October 3, 2024

This Is the Job Market We’ve Been Waiting For

Look for the new numbers to become central to debates over whether expanded unemployment payments have been a factor in holding back job creation by incentivizing people not to work. Many states suspended those expanded benefits earlier in the summer, which would be reflected in the July data.

The early verdict? Maybe. The steep decline in the number of people unemployed — 782,000 people — is certainly consistent with people returning to work instead of receiving jobless benefits. But the strong and steady growth in payroll employment in May and June is not what you would expect to see if unemployment benefits (or the lack of them) were the primary driver of the labor market.

Either way, we’ll know more when state-level data is released in coming weeks.

Education employment in public and private schools contributed a combined 261,000 jobs, but not because schools went on a strange midsummer hiring binge.

In the normal seasonal pattern, many teachers and other educators fall off their schools’ payrolls at the end of the academic year, which the Labor Department’s seasonal adjustment procedures account for.

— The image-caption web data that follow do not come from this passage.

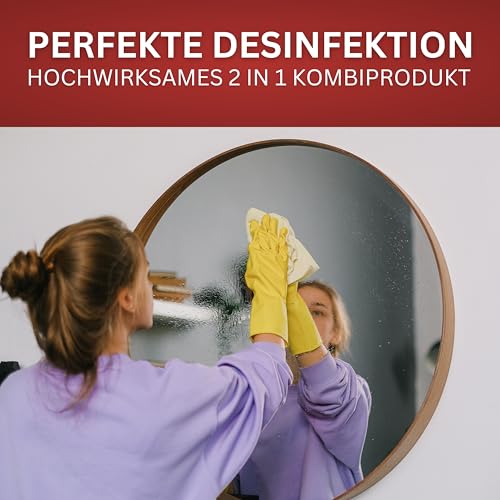 BIODELTA Giardien Spray - Giardien Wischkonzentrat für Hund, Katze & co - Haustier Hygiene Spray - Giardien Desinfektionsmittel gegen Viren Bakterien & Pilze - effektiver Geruchsentferner (2L)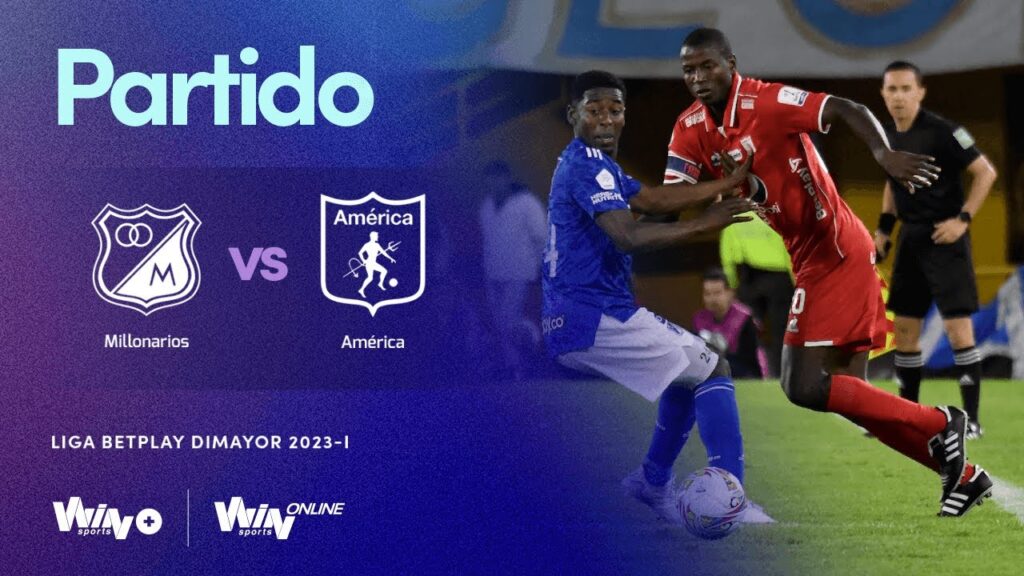 Millonarios vs. América en vivo | Liga BetPlay 2023-I | Fecha 16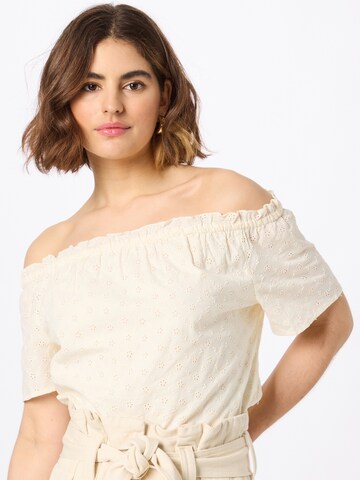 ONLY Bluse 'Sandy' in Beige: predná strana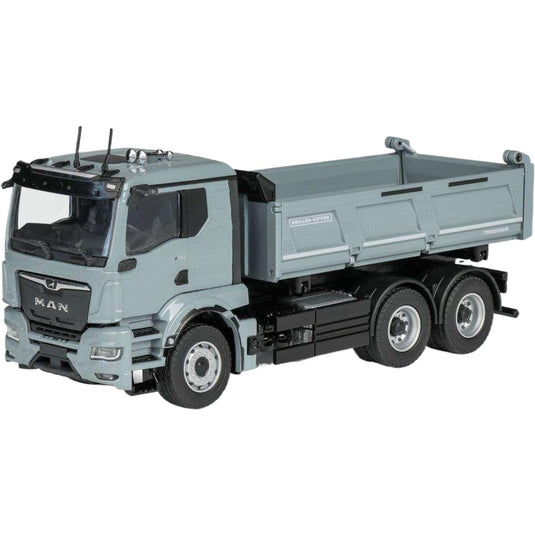 Conrad MAN eTGS NN Meiller Trigenius 三方 ダンプ / Conrad 1/50 建設機械模型 工事車両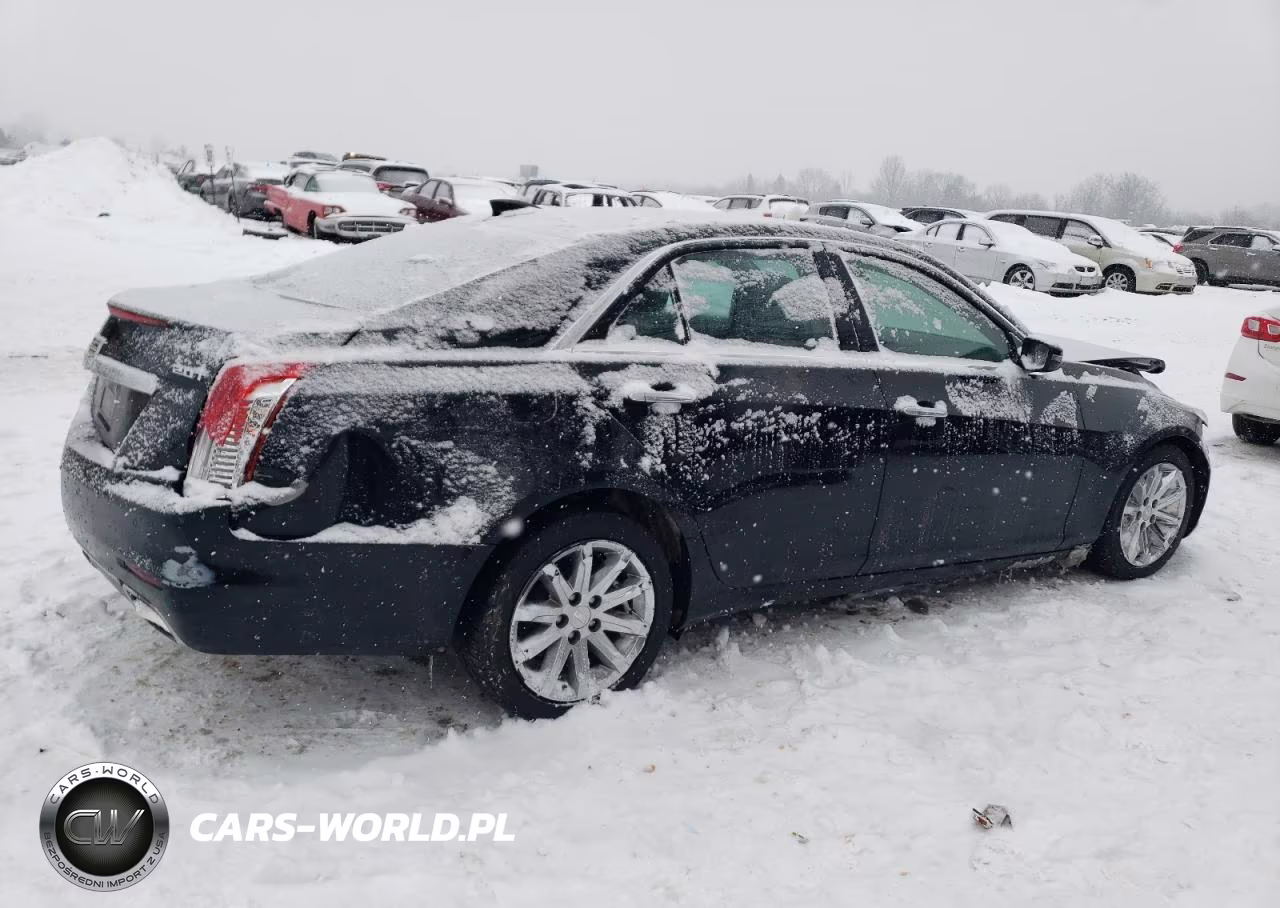 2016 Cadillac Cts VIN:1G6AP5SX9G0109657 - 3
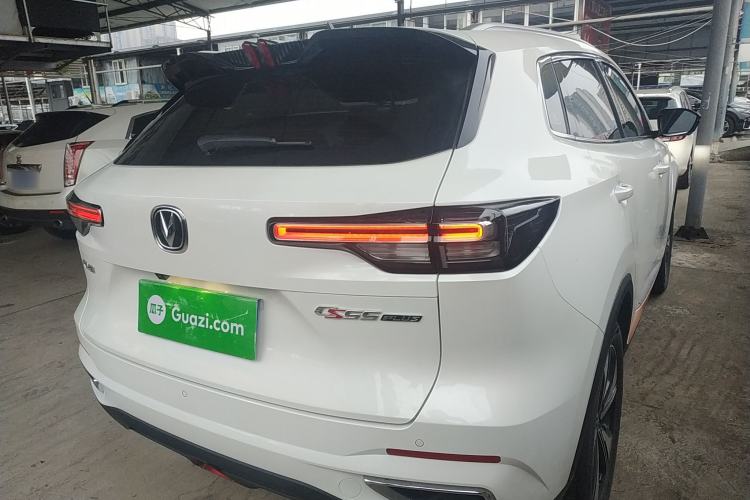 Used CHANGAN CS55PLUS 2022 2nd Generation 1.5T DCT Prestige Version Rear Right 45 Deg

But with many schools closed or in limited operation this academic year, there were fewer people losing their jobs, meaning the seasonal adjustment appears to report a misleading gain in the number of jobs.

There are still plenty of problems in the United States economy, and it would be foolish to think that a single month of data, or even a few good months in a row, signaled a healing of the scars of the pandemic recession. Among other things, the share of the adult population working remains 1.7 percentage points below its prepandemic level. And the labor force participation rate barely edged up in July.

But there’s little question, when the employment numbers are combined with other recent data, that the trends are heading in the right direction.